Paul, the Gulf Coast congressman whose 2008 presidential run excited libertarians nationwide, even though he didn’t get much traction overall, is considered by many to be the “father of the Tea Parties.” But he has three opponents in the March Republican primary – more than he has faced in his past six primary campaigns combined…

John Gay, Paul’s third opponent, said he has attended several Tea Parties and related meetings. Both Wall, a machine supervisor, and Graney, a former small-business owner, have helped organize local rallies.

Tea Party associations aside, many of the challengers’ criticisms echo concerns of Paul’s past opponents: that he is too focused on his national ambitions; that his views are too extreme; that he doesn’t support the wars in Iraq and Afghanistan; that he votes “no” on everything, including federal aid for his district after Hurricane Ike.

“The word I keep hearing is ‘ineffective,’ ” said Gay, a school business administrator. “This district is not really being represented as it could be.”
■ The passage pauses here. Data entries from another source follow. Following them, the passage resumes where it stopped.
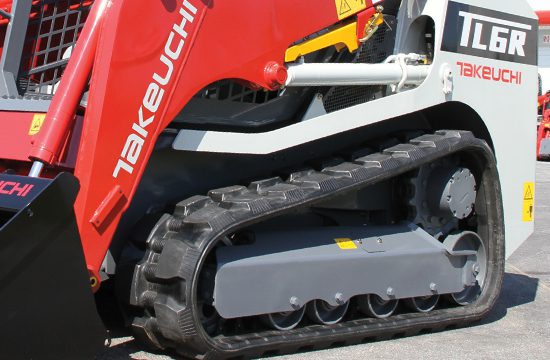 Takeuchi TL6R - Bilde 5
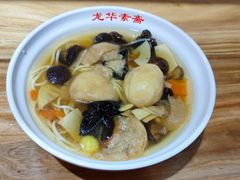 -龙华素斋(龙华路店)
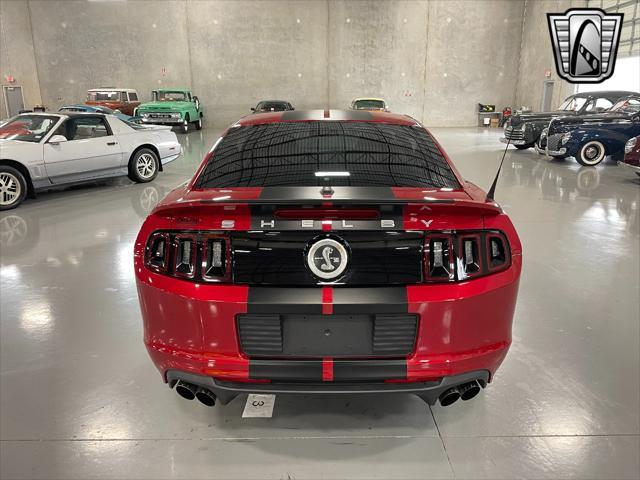 used 2013 Ford Shelby GT500 car, priced at $71,000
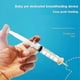 thumbnail image 5 of Milk Nipples Syringes for Pet Professional Nursing Silicone Puppy Pacifier Mini Pet Feeding Nipples, 5 of 5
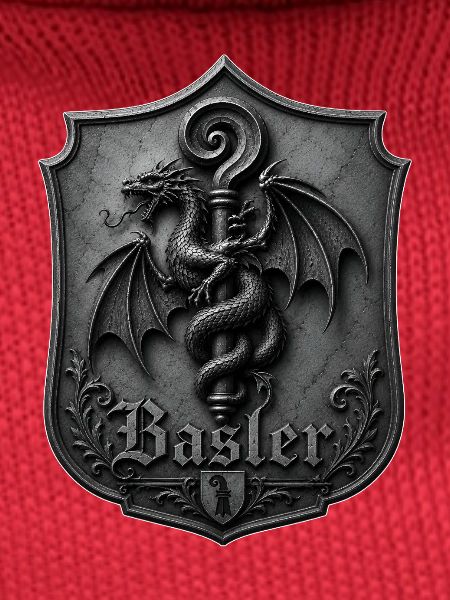 Basler Drachen Wappen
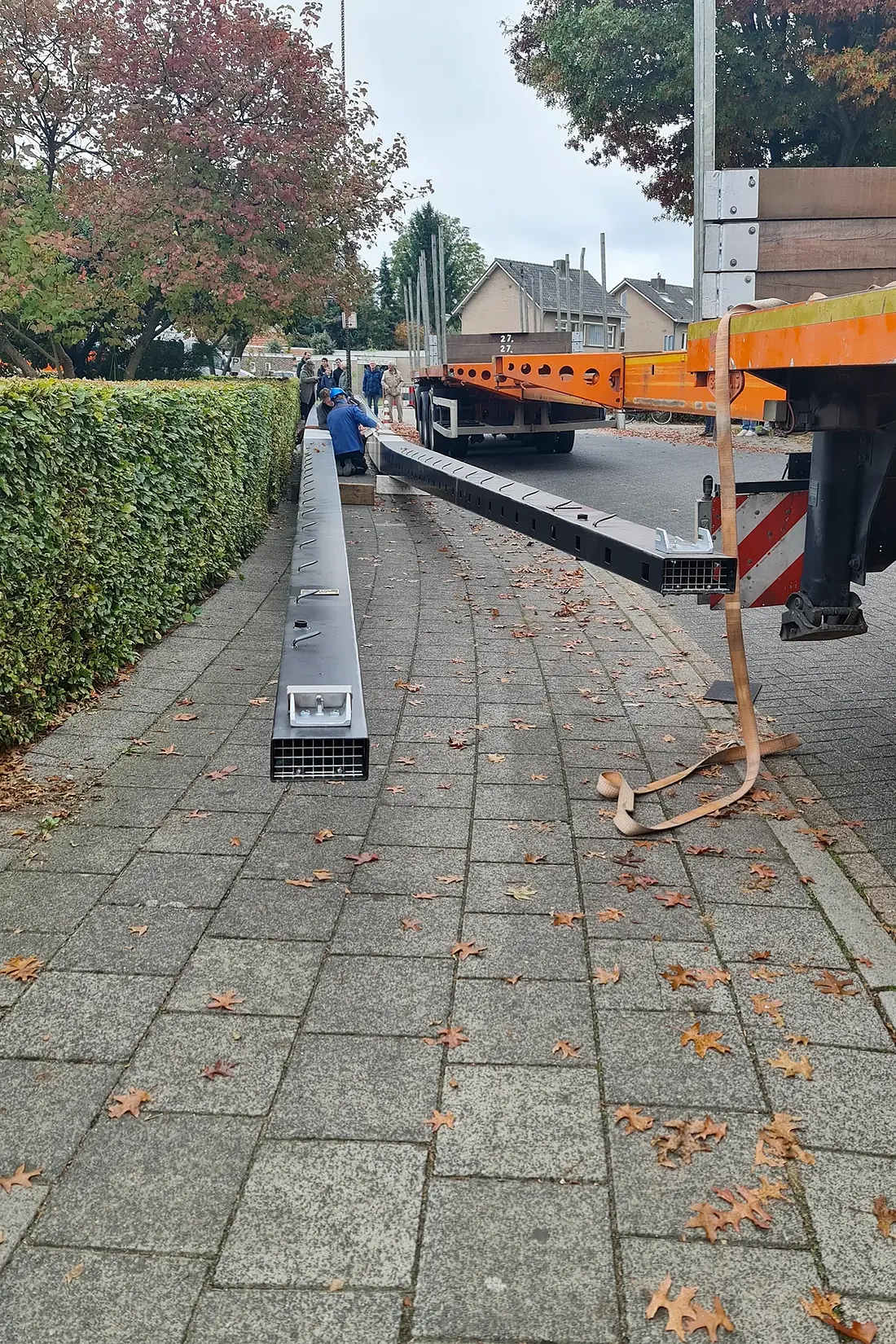 1, Roede 653, Vaags, Pieter Zuijkerbuijk (15-10-2025) | Database Nederlandse molens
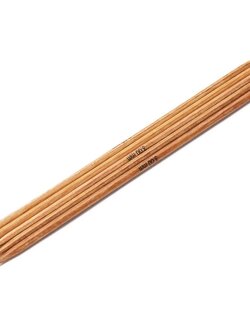 kousennaalden hout/beuk 5 naalden 15cm - 3mm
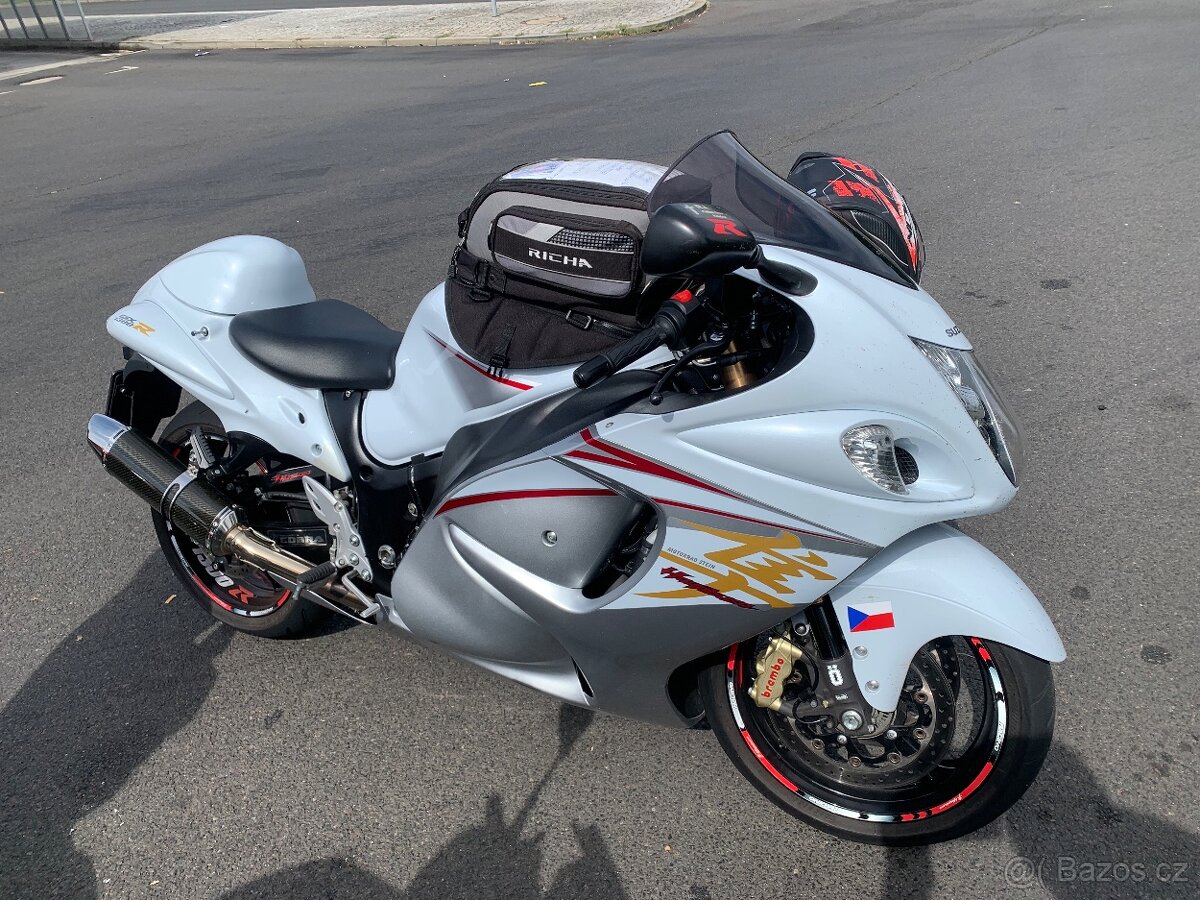 Suzuki Hayabusa 2016 - 2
The only sin Paul’s clearly guilty of in tea-party eyes is earmarking; his foreign policy is obviously a major issue, but unless I missed a memo, there’s no concrete foreign policy (i.e. isolationist vs. interventionist) that’s been settled on by a majority of tea partiers. Palin took a clear stance on national security issues in her speech, but that was the whole point of A.C. Kleinheider’s objection to it — that she was grafting neoconservative Republican ideas on terrorism onto a movement that ultimately has little to do with that. Exit question: If not even Ron Paul’s safe from tea party challenges, who is? Palin, and probably Marco Rubio, and … who else?